5. a picture x feet high is placed on a wall with its base y feet above the level of the eye of an observer. if the observer is z feet from the wall and Q is the radian measure of the angle subtended at the observer's eye by the picture, show that

Q= Arctan((xz)/z*2+xy+y*2)

6. prove heron's formula using cosine law

7. find the exact yalue of 100(cos1+cos2+...+cos44)/(sin1+sin2+...+sin44)

thanks...

2. 4. prove or disprove:
sin a + sin b = 2sin((a+b)/2)cos((a-b)/2)
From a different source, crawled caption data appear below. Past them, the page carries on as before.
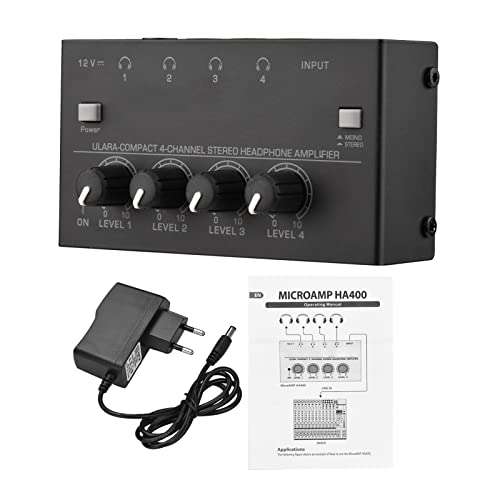 Amplificador de auriculares estéreo de 4 canales con interruptor mono y estéreo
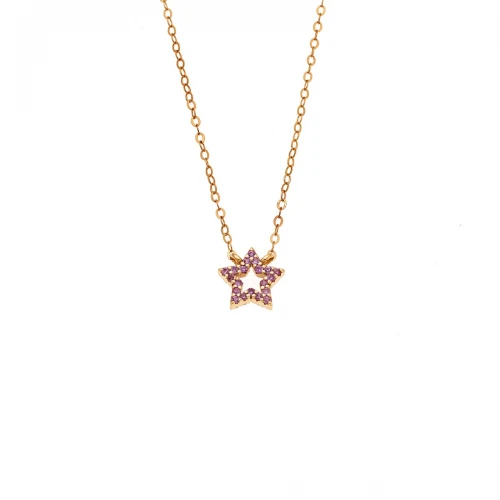 Senza 925 Ασήμι Επιχρυσωμένο Κολιέ "Αστέρι" Διπλής 'Οψης με Ζιργκόν SSR4457GPK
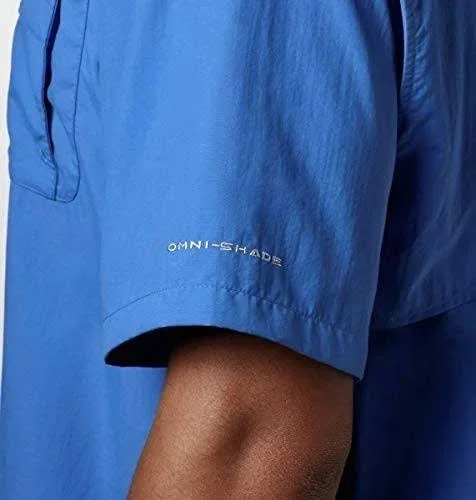 Columbia Men's PFG Bahama II Short Sleeve Shirt, Vivid Blue, 2X/Tall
sin(a+b)=cosaxsinb+cosbxsina
sin(a-b)=sinaxcosb- cosaxsinb
sin(a+b)+sin(a-b)=sinaxcosb+cosbxsina
=2sinaxcosb
(a+b)=A ---a=(A+B)/2
(a-b)=B ---b=(A-B)/2

So, sinA+sinB=2xsin(A+B)/2cos(A-B)/2

3. 3. determine the fundamental solution set of the equation sinx=sin5x

Since 5x and x has the same sinuse, they have to do with the formulas:
5x=k.360+x
5x=k.360+(180-x)
All the solutions of this equation are given by the formulas:
4x=k.360 --- x=k.90
6x=k.360+180--- x= k.60+30

4. Heron's formula - Wikipedia, the free encyclopedia

This has the proof you need for 6.

My CAS couldn't come up with an answer for 7, I have a feeling it can't be done.

You can make it a bit neater though using sigma notation.

$\frac{100 \sum_{i=1}^{44} \cos{i}}{\sum_{j=1}^{44} \sin{j}}$